Exercise brief:
In the data below, locate the line containing "In today's video, I'll" and the line containing "We are discussing", then retype both and everything between them exactly. Pictures are not part of the copy.

Dataset extract:
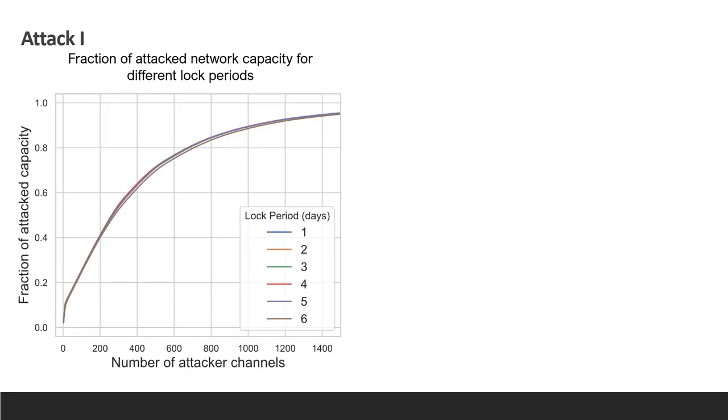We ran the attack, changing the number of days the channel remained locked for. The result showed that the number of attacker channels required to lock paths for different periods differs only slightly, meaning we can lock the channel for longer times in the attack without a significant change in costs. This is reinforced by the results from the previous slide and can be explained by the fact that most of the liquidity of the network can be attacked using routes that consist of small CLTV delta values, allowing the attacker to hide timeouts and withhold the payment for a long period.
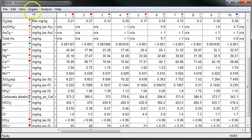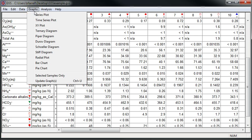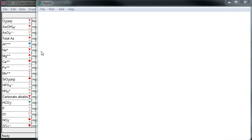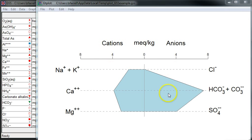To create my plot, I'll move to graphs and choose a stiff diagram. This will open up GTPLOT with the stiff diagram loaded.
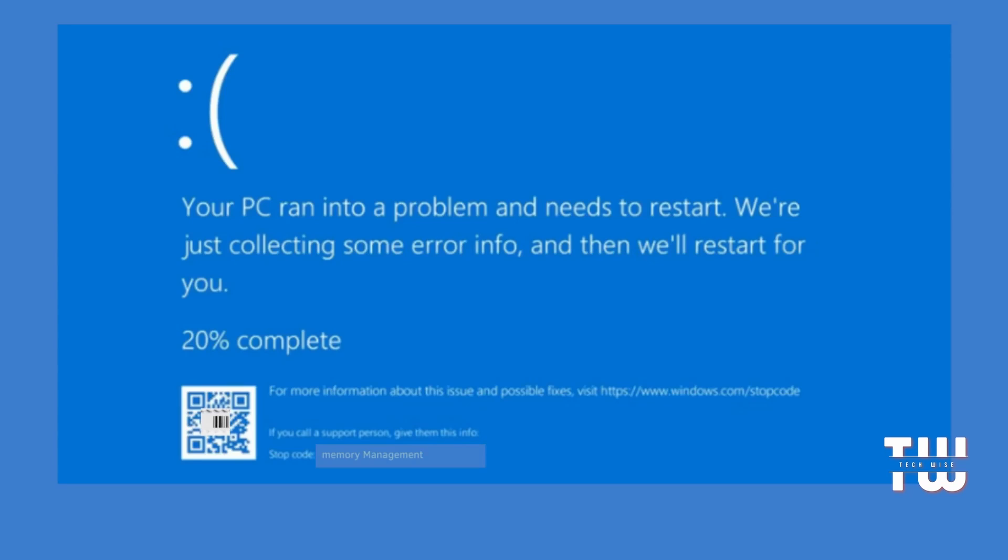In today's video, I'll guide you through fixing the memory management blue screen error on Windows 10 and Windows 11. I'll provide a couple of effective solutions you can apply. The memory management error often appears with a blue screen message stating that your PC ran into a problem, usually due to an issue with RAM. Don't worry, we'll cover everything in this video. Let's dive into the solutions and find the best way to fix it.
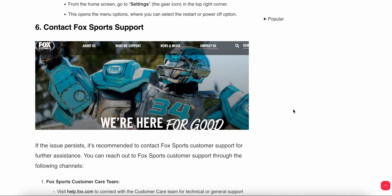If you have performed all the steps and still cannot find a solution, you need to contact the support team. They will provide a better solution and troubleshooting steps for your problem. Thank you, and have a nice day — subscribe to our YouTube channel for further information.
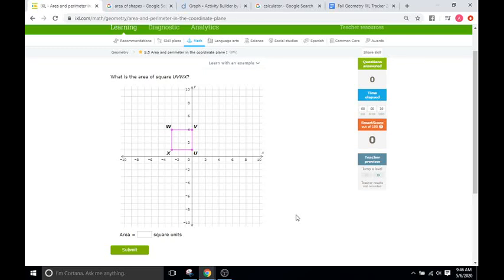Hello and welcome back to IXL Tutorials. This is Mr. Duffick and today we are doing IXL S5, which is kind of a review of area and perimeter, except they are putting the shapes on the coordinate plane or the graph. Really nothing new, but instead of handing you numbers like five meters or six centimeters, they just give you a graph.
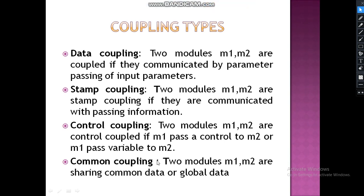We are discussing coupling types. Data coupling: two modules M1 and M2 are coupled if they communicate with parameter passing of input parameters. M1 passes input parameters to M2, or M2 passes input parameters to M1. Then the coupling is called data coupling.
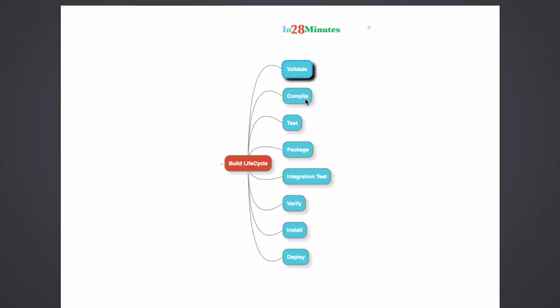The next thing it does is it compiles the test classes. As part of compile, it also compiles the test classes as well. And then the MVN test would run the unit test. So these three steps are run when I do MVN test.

Task solution:
In today's video, I'll guide you through fixing the memory management blue screen error on Windows 10 and Windows 11. I'll provide a couple of effective solutions you can apply. The memory management error often appears with a blue screen message stating that your PC ran into a problem, usually due to an issue with RAM. Don't worry, we'll cover everything in this video. Let's dive into the solutions and find the best way to fix it.
If you have performed all the steps and still cannot find a solution, you need to contact the support team. They will provide a better solution and troubleshooting steps for your problem. Thank you, and have a nice day — subscribe to our YouTube channel for further information.
Hello and welcome back to IXL Tutorials. This is Mr. Duffick and today we are doing IXL S5, which is kind of a review of area and perimeter, except they are putting the shapes on the coordinate plane or the graph. Really nothing new, but instead of handing you numbers like five meters or six centimeters, they just give you a graph.
We are discussing coupling types. Data coupling: two modules M1 and M2 are coupled if they communicate with parameter passing of input parameters. M1 passes input parameters to M2, or M2 passes input parameters to M1. Then the coupling is called data coupling.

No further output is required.